Exercise |
Copying exactly, give the lines in the material below from the one with "Glade Solid Air" to the one with "Tablete Cardioplus, 60 cps, ESI", ends included, and nothing besides.

Input |
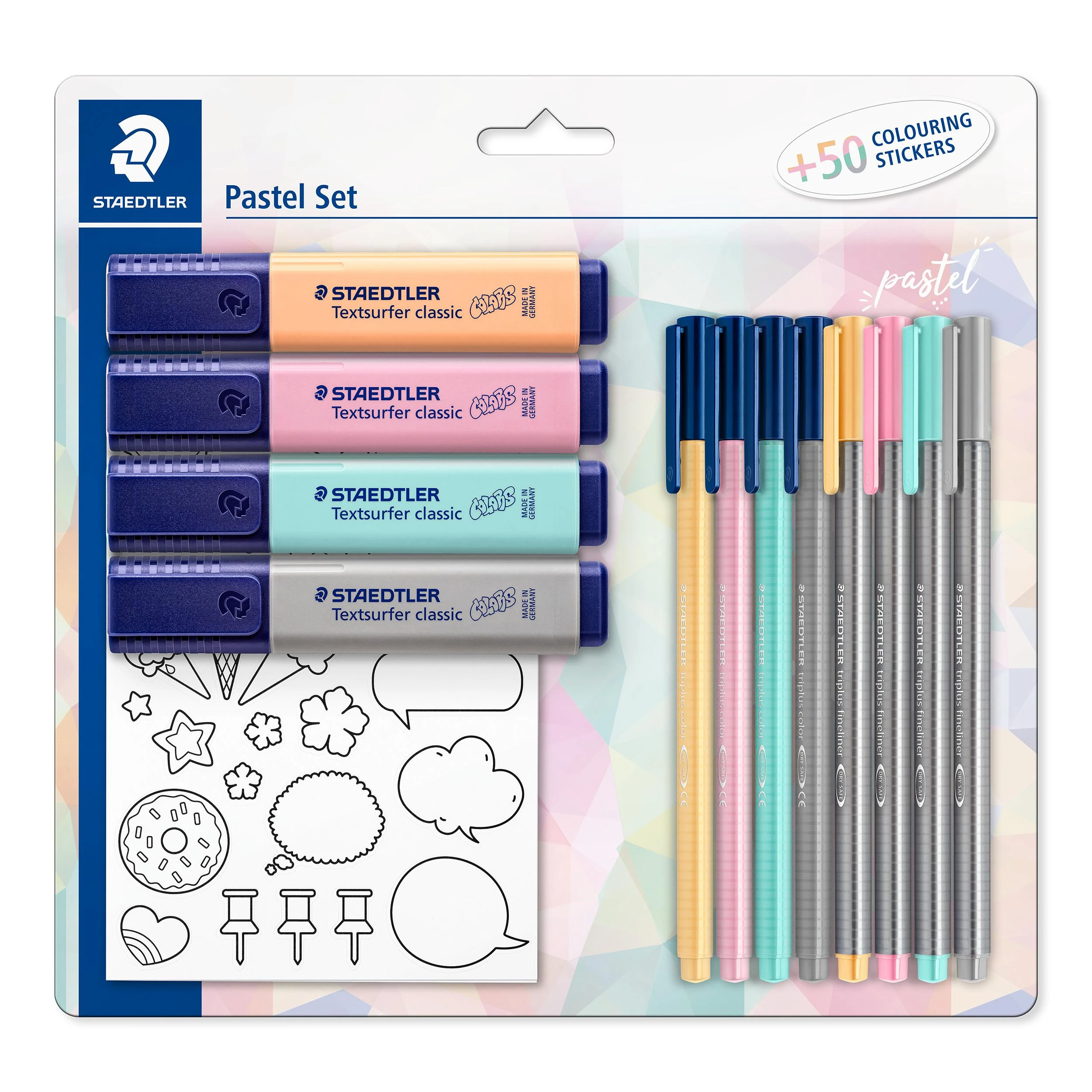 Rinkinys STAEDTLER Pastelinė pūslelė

==

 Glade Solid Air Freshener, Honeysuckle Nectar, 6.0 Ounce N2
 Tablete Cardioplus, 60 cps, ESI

---

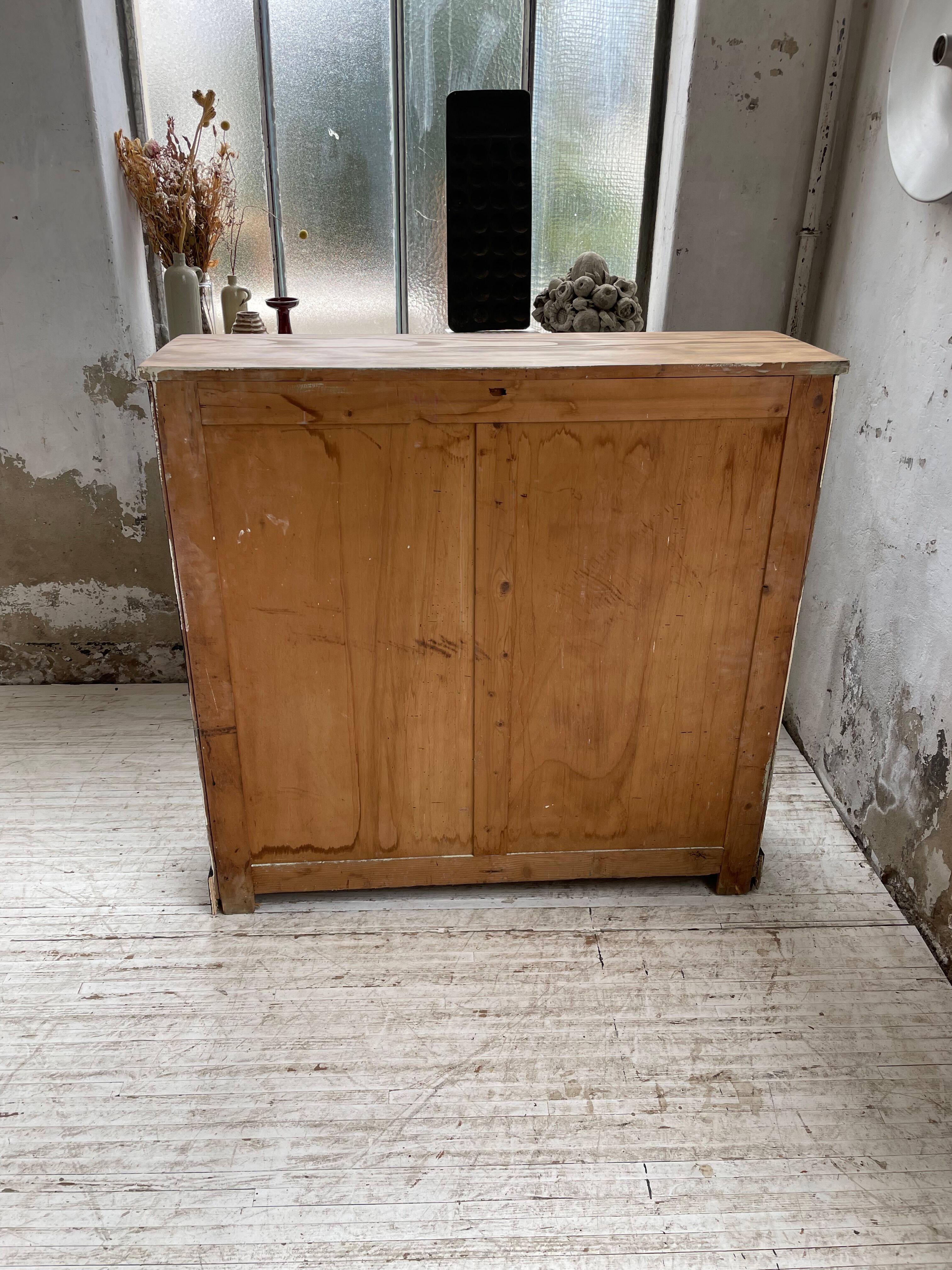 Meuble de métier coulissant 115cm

Output below |
 Glade Solid Air Freshener, Honeysuckle Nectar, 6.0 Ounce N2
 Tablete Cardioplus, 60 cps, ESI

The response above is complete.